The group reported pretax profit before exceptional items for the six months to end-June of 76 million pounds ($152 million), as revenue rose to 3.5 billion pounds from 2.7 billion the year before.
"First half results are strong and ahead of expectations. We are upgrading 2007 estimated pretax profit from 175 million pounds to 182 million," Landsbanki analyst Chris Millington said, maintaining a "buy" rating on the stock.
A Reuters Estimates poll of 12 analysts had forecast median pretax profit for the year of 175.7 million pounds.
Balfour Beatty, which employs over 30,000 people, said its order book grew by 1.5 billion pounds in the first half and now stood at a record 10.6 billion pounds, boosted by its acquisitions.
Shares in Balfour Beatty, which have underperformed the U.K. construction and materials sector by 14% over the last 12 months, were down 0.2%, valuing the group at around 1.9 billion pounds.
"In our view Balfour Beatty remains the most attractive stock in the contracting universe and based on sum of the parts analysis (using conservative assumptions), we estimate the shares should be trading over 500 pence," Millington said.
Balfour Beatty said earlier this year it had bought Centex Construction, a unit of the fourth-largest U.S. home builder Centex , for $362 million.
The group said it had won four contracts as part of the U.S. Department of Defense's $30 billion Base Realignment and Closure (BRAC) program, which will involve more than 800 projects in over 200 bases.
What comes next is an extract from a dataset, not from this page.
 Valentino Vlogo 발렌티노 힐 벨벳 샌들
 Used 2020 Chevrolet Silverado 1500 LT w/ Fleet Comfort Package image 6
"We would expect to get a proportion of that. I would hope that we would be in a good position to win a good chunk of that work," Tyler said.
Balfour Beatty is a partner in Metronet, the company contracted to upgrade two-thirds of London's underground rail network, which filed for administration in July after running out of cash due to a projected 2 billion pounds of overspending.
The other partners are EDF Energy, WS Atkins, Bombardier and Macquarie Bank's Thames Water.
Balfour Beatty said it had made a 103 million pound write-off for its investment in Metronet, but this had been offset by the sale of its stake in Devonport to Babcock International and tax benefits in the United States.
The group said it would pay an interim dividend of 4.6 pence per share, up from 3.9p the year before.